From cda34e7ea979bbfcd7cc3ae35be0835816863257 Mon Sep 17 00:00:00 2001
From: Andrew Gallagher <andrewg@andrewg.com>
Date: Fri, 20 Sep 2024 20:22:01 +0100
Subject: [PATCH] Serialise keyserver preferences and preferred keyserver; add
 tests

---
 openpgp/packet/signature.go      | 39 +++++++++++++------
 openpgp/packet/signature_test.go | 65 ++++++++++++++++++++++++++++++++
 2 files changed, 92 insertions(+), 12 deletions(-)

diff --git a/openpgp/packet/signature.go b/openpgp/packet/signature.go
index 435a90b6..3a4b366d 100644
--- a/openpgp/packet/signature.go
+++ b/openpgp/packet/signature.go
@@ -93,7 +93,7 @@ type Signature struct {
 	PreferredCipherSuites                                   [][2]uint8
 	IssuerKeyId                                             *uint64
 	IssuerFingerprint                                       []byte
-	SignerUserId, PreferredKeyserver                        *string
+	SignerUserId                                            *string
 	IsPrimaryId                                             *bool
 	Notations                                               []*Notation
 	IntendedRecipients                                      []*Recipient
@@ -110,6 +110,16 @@ type Signature struct {
 	// See RFC 9580, section 5.2.3.22 for details.

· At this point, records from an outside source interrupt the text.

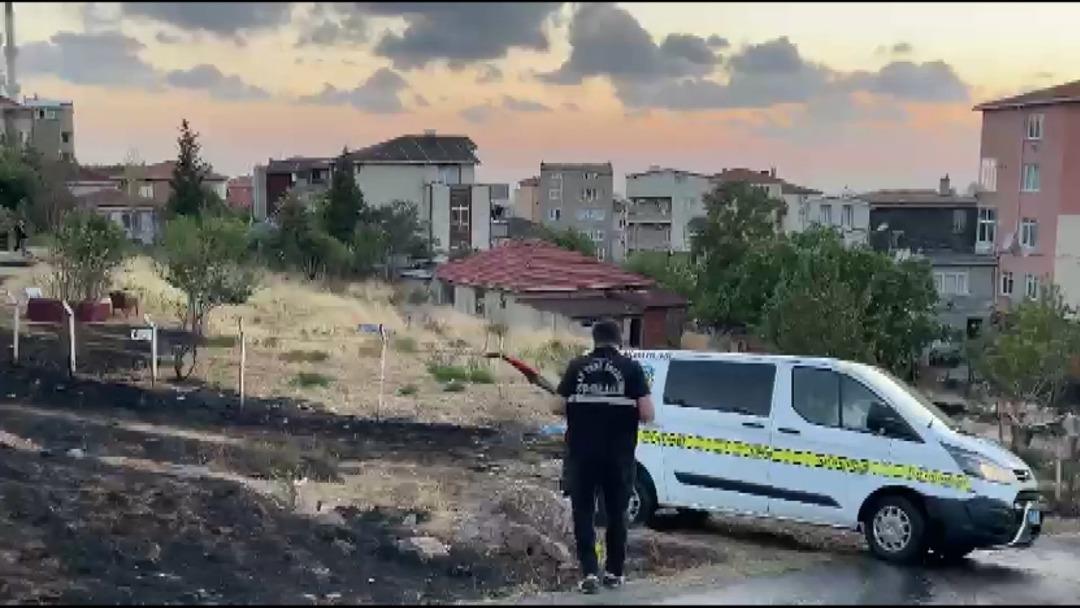 1200xauto Maltepe’de havai fişek atan kişi yangına sebep oldu! Gözaltına alındı
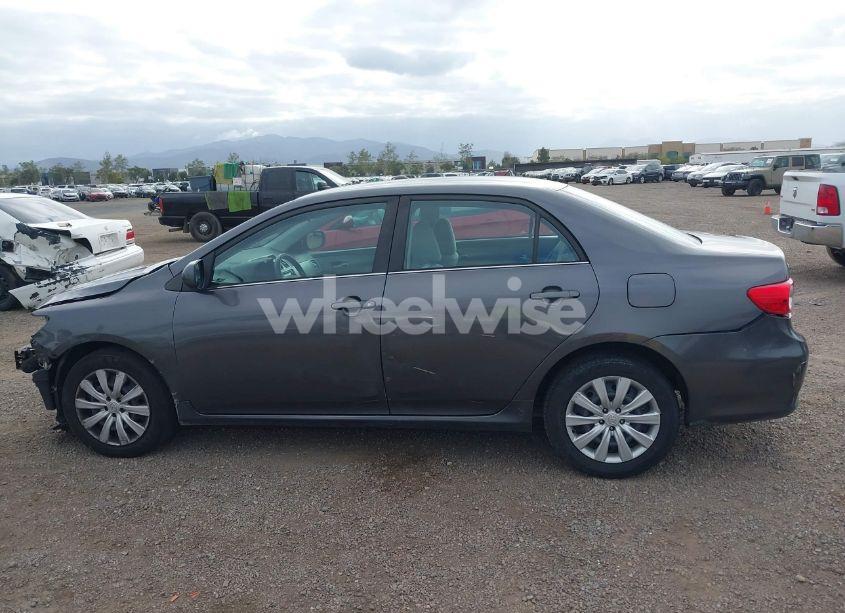 Photo 15 of 2013 Toyota Corolla LE (VIN 5YFBU4EE2DP152074)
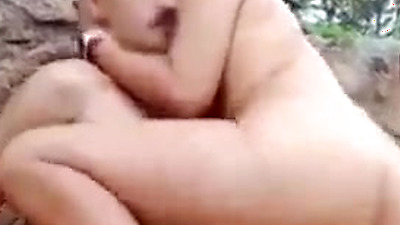 Murai comendo Rabuda na praia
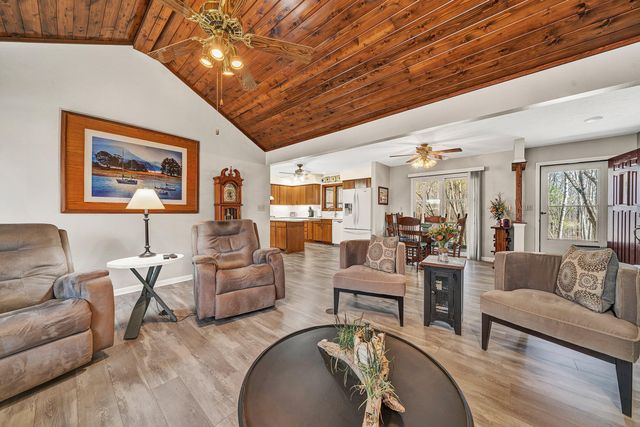 90 Middlecreek CT, Moneta, VA 24121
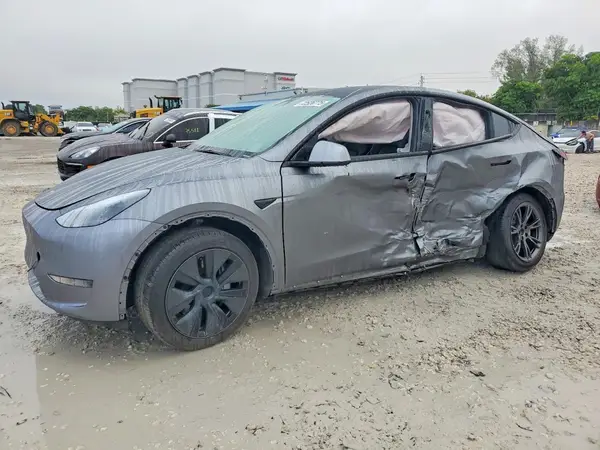 7SAYGDED4RF200687 2024 TESLA MODEL Y - Image 1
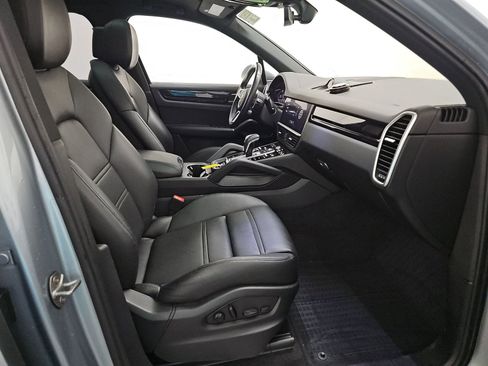 Used 2023 Porsche Cayenne AWD/4WD image 11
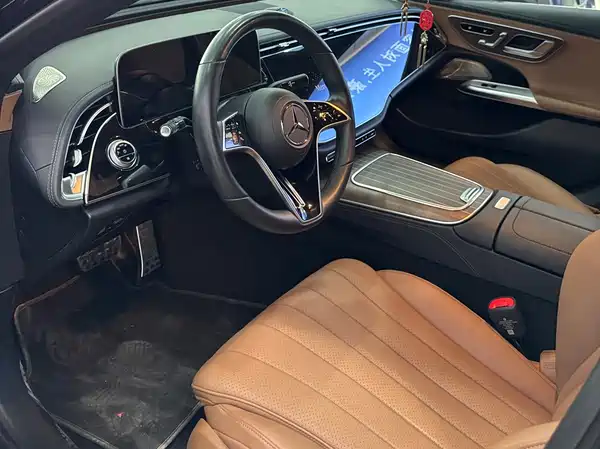 Mercedes-Benz E-Class 2024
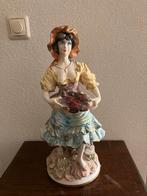 Porseleinen Beeld Vrouw met Fruitmand - 40 cm, Antiek en Kunst, Antiek | Porselein, Ophalen of Verzenden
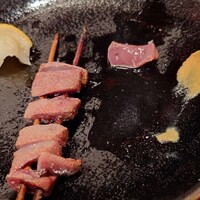 鳥茂 - レバー　　おお〜　レバ刺しみたい　　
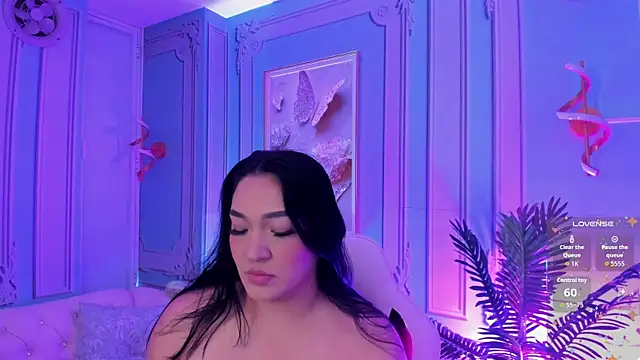 stefany duque1  online show from 11/11/25, 02:33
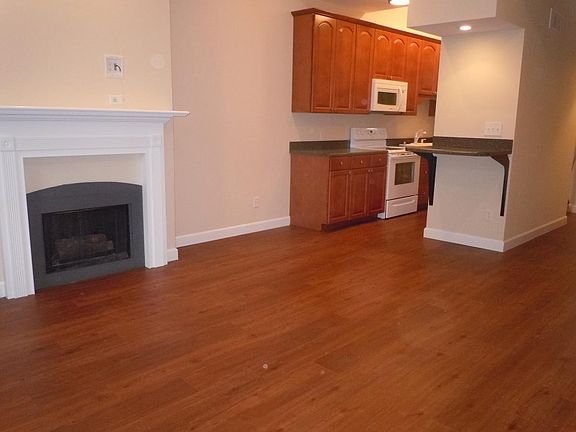 3rd image of 821-823 Russell Blvd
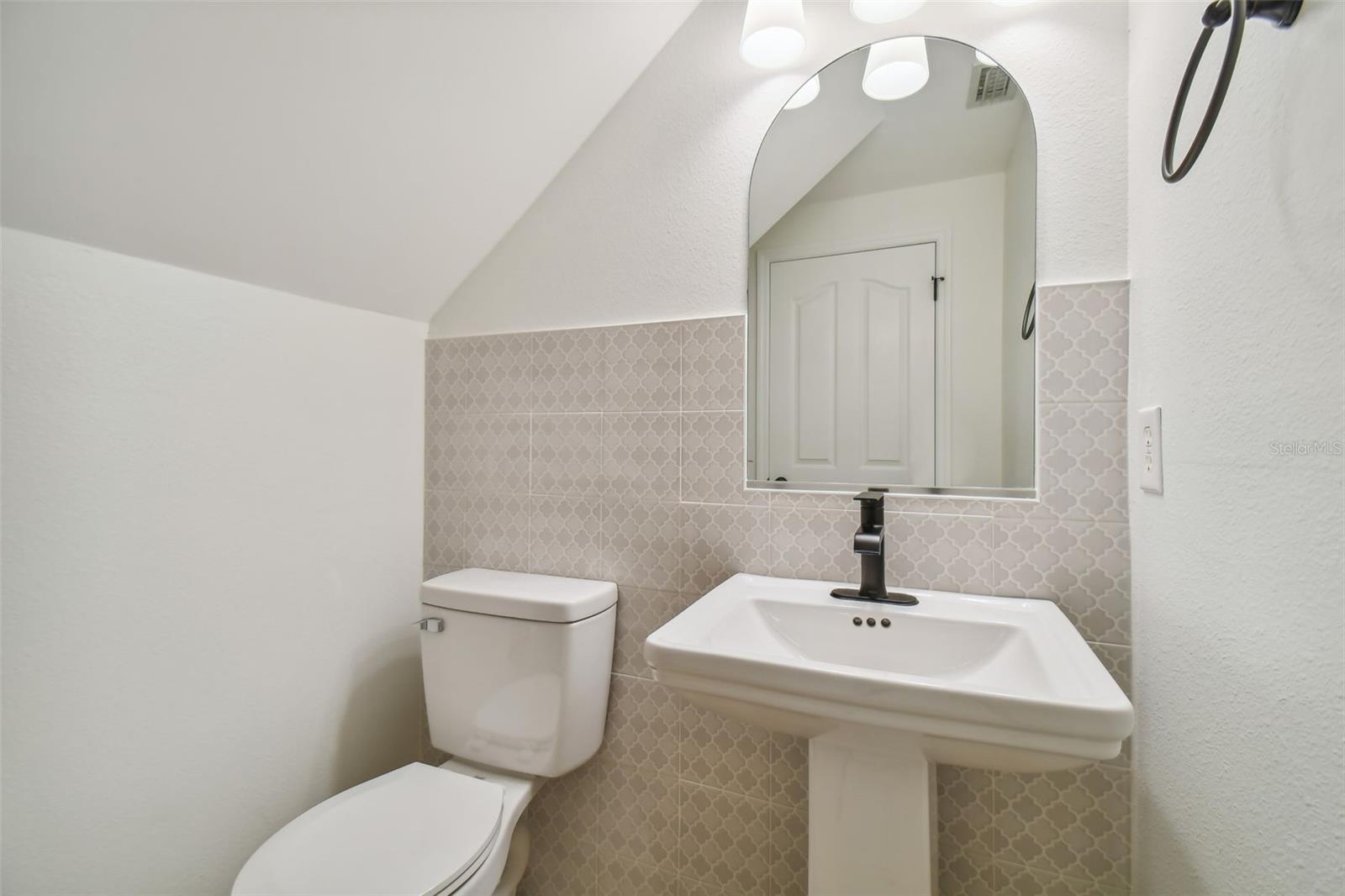 TRAFALGAR SQUARE - Residential Lease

 	TrustRegularExpression *string
 
+	// KeyserverPrefsValid is set if any keyserver preferences were given. See RFC 9580, section
+	// 5.2.3.25 for details.
+	KeyserverPrefsValid   bool
+	KeyserverPrefNoModify bool
+
+	// PreferredKeyserver can be set to a URI where the latest version of the
+	// key that this signature is made over can be found. See RFC 9580, section
+	// 5.2.3.26 for details.
+	PreferredKeyserver string
+
 	// PolicyURI can be set to the URI of a document that describes the
 	// policy under which the signature was issued. See RFC 9580, section
 	// 5.2.3.28 for details.
@@ -120,11 +130,6 @@ type Signature struct {
 	FlagsValid                                                                                                         bool
 	FlagCertify, FlagSign, FlagEncryptCommunications, FlagEncryptStorage, FlagSplitKey, FlagAuthenticate, FlagGroupKey bool
 
-	// KeyserverPrefsValid is set if any keyserver preferences were given. See RFC 9580, section
-	// 5.2.3.25 for details.
-	KeyserverPrefsValid   bool
-	KeyserverPrefNoModify bool
-
 	// RevocationReason is set if this signature has been revoked.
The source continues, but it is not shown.